- First light novel volume cover

不運からの最強男 (Fuun Kara no Saikyō Otoko)
- Genre: Isekai
- Written by: Fukufuku
- Published by: Shōsetsuka ni Narō
- Original run: 2017 – 2020

Revised version
- Written by: Fukufuku
- Published by: Shōsetsuka ni Narō
- Original run: November 5, 2020 – present
- Written by: Fukufuku
- Illustrated by: Zun Nakabayashi
- Published by: Starts Publishing
- Imprint: Grast Novels
- Original run: March 25, 2022 – present
- Volumes: 4
- Written by: Fukufuku
- Illustrated by: Zun Nakabayashi
- Published by: Starts Publishing
- English publisher: NA: MangaPlaza;
- Imprint: Grast Comics
- Magazine: Comic Grast
- Original run: October 22, 2021 – present
- Volumes: 9
- Directed by: Shigetaka Ikeda
- Written by: Aki Mizuki
- Studio: East Fish Studio
- Original run: 2027 – scheduled
- Anime and manga portal

= The Strongest Man, Born from Misfortune =

Japanese light novel series

The Strongest Man, Born from Misfortune (不運からの最強男, Fuun Kara no Saikyō Otoko) is a Japanese light novel series written by Fukufuku and illustrated by Zun Nakabayashi. The series was originally posted as a web novel in 2017 on the online publishing platform Shōsetsuka ni Narō, with a revised version starting serialization in November 2020. Starts Publishing began releasing it as a light novel under its Grast Novels imprint in March 2022; four volumes have been released as of March 2025. A manga adaptation illustrated by Nakabayashi began serialization in Starts Publishing's online magazine Comic Grast in October 2021, and has been compiled into nine volumes as of June 2026. An anime television series adaptation produced by East Fish Studio is set to premiere in 2027.

==Plot==
The series follows a man who suffered from bad luck in a previous life. After losing his life in an accident after trying to retrieve his stolen bag from a thief, he is offered a chance to be reincarnated in another world. He is reborn as Siegbert, a baby who is born to a warm and loving family and is blessed with good luck. As he grows older, he vows to protect his family, wanting to thank them for the love and care they showed him, while also trying to avoid suffering the same bad luck as he did in his past life.

==Characters==
- Siegbert (ジークベルト, Jīkuberuto)
- Gert (ゲルト, Geruto)

==Media==
===Light novel===
The series was originally posted by Fukufuku as a web novel on the online publishing platform Shōsetsuka ni Narō in 2017. They later deleted the original version and started serializing a revised version on November 5, 2020. Starts Publishing later began publishing it as a light novel under its Grast Novels imprint featuring illustrations by Zun Nakabayashi on March 25, 2022; four volumes have been released as of March 2025.

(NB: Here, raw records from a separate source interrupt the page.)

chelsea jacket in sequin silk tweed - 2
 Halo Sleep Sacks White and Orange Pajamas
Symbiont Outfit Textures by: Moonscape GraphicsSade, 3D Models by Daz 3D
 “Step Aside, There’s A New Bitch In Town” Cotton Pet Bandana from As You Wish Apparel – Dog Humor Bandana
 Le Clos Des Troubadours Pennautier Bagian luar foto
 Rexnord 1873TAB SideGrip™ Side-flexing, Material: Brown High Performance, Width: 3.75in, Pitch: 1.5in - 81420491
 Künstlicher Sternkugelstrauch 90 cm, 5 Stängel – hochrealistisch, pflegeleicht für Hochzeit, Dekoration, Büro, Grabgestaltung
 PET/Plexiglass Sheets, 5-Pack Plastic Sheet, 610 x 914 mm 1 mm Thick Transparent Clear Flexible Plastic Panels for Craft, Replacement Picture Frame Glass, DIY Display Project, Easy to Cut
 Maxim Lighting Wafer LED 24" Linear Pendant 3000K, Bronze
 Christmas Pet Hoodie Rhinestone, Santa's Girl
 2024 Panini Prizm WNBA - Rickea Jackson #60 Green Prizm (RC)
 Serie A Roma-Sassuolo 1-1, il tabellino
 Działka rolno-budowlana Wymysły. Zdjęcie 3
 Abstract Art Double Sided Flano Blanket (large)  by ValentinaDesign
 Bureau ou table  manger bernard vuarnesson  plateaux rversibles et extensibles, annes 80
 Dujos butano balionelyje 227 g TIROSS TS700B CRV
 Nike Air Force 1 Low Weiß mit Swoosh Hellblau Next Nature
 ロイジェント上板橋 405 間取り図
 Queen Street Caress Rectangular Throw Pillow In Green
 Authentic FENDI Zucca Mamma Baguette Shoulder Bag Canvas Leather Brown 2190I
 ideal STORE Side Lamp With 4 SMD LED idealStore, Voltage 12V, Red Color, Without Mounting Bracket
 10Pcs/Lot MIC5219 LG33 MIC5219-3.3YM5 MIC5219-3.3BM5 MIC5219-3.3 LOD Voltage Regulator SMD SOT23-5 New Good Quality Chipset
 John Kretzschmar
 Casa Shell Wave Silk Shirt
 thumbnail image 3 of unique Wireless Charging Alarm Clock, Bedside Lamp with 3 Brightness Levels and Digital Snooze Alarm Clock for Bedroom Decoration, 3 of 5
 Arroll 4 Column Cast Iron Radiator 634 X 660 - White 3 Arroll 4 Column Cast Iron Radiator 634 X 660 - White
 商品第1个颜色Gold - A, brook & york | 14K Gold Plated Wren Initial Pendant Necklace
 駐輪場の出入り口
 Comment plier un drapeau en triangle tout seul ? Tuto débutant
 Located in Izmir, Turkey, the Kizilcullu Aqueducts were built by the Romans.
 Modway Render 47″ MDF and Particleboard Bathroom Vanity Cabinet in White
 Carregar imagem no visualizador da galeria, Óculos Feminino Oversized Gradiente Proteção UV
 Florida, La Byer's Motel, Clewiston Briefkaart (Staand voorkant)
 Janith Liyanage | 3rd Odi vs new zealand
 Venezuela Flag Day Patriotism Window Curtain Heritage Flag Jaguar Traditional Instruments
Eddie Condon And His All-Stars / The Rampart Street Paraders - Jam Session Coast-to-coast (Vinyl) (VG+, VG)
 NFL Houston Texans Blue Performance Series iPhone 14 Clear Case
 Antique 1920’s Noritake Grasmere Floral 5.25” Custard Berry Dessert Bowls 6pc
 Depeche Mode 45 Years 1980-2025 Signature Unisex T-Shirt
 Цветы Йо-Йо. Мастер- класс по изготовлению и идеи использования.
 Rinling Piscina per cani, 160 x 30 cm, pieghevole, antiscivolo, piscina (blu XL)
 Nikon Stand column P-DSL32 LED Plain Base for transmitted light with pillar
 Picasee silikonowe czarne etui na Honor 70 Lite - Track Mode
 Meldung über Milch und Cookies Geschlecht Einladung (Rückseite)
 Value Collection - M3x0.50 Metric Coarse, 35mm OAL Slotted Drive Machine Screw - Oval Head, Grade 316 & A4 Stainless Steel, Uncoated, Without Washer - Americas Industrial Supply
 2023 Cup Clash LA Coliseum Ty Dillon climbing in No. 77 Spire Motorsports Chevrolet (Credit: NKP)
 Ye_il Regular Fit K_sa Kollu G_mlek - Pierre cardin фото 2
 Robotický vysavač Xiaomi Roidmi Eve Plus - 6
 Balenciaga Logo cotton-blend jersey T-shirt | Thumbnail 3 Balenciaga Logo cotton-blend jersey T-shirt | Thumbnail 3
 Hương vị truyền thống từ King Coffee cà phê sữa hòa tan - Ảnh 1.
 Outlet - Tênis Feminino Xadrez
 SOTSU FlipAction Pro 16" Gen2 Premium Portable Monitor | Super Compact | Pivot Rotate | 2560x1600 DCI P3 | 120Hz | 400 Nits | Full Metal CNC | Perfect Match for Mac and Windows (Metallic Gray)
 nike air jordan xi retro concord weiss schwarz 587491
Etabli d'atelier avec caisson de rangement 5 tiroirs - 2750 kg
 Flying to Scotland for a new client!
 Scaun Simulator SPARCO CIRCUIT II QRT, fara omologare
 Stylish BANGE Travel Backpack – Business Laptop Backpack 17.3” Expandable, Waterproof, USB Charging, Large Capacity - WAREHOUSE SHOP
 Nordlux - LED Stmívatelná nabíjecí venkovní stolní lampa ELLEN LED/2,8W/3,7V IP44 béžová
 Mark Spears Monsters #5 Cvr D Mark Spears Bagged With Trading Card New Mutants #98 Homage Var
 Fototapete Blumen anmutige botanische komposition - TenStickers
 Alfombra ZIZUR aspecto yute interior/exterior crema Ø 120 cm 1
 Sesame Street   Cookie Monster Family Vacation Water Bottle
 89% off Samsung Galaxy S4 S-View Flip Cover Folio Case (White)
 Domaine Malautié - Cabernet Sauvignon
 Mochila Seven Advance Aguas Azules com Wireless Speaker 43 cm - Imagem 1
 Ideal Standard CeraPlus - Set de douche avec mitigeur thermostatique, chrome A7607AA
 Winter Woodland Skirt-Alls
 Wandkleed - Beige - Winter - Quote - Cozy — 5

| No. | Japanese release date | Japanese ISBN |
|---|---|---|
| 1 | March 25, 2022 | 978-4-81-379132-4 |
| 2 | December 22, 2022 | 978-4-81-379196-6 |
| 3 | March 22, 2024 | 978-4-81-379316-8 |
| 4 | March 28, 2025 | 978-4-81-379436-3 |

===Manga===
A manga adaptation illustrated by Nakabayashi began serialization in Starts Publishing's online magazine Comic Grast on October 22, 2021. It has been compiled into nine tankōbon volumes as of June 2026. The manga is published in English on NTT Solmare's MangaPlaza website.

| No. | Japanese release date | Japanese ISBN |
|---|---|---|
| 1 | March 25, 2022 | 978-4-81-376099-3 |
| 2 | September 22, 2022 | 978-4-81-376132-7 |
| 3 | March 23, 2023 | 978-4-81-376177-8 |
| 4 | September 22, 2023 | 978-4-81-376229-4 |
| 5 | March 22, 2024 | 978-4-81-376296-6 |
| 6 | September 27, 2024 | 978-4-81-376359-8 |
| 7 | March 28, 2025 | 978-4-81-376426-7 |
| 8 | September 26, 2025 | 978-4-81-376497-7 |
| 9 | March 27, 2026 (ebook) June 26, 2026 (print) | 978-4-81-376621-6 |

===Anime===
An anime television series adaptation was announced on September 16, 2025. It will be produced by East Fish Studio and directed by Shigetaka Ikeda, with the series composition and screenplays handled by Aki Mizuki, and characters designed by Yumiko Hara and Yūki Nagata. The series is set to premiere in 2027.

==Reception==
By September 2025, the series had over 1.5 million copies in circulation.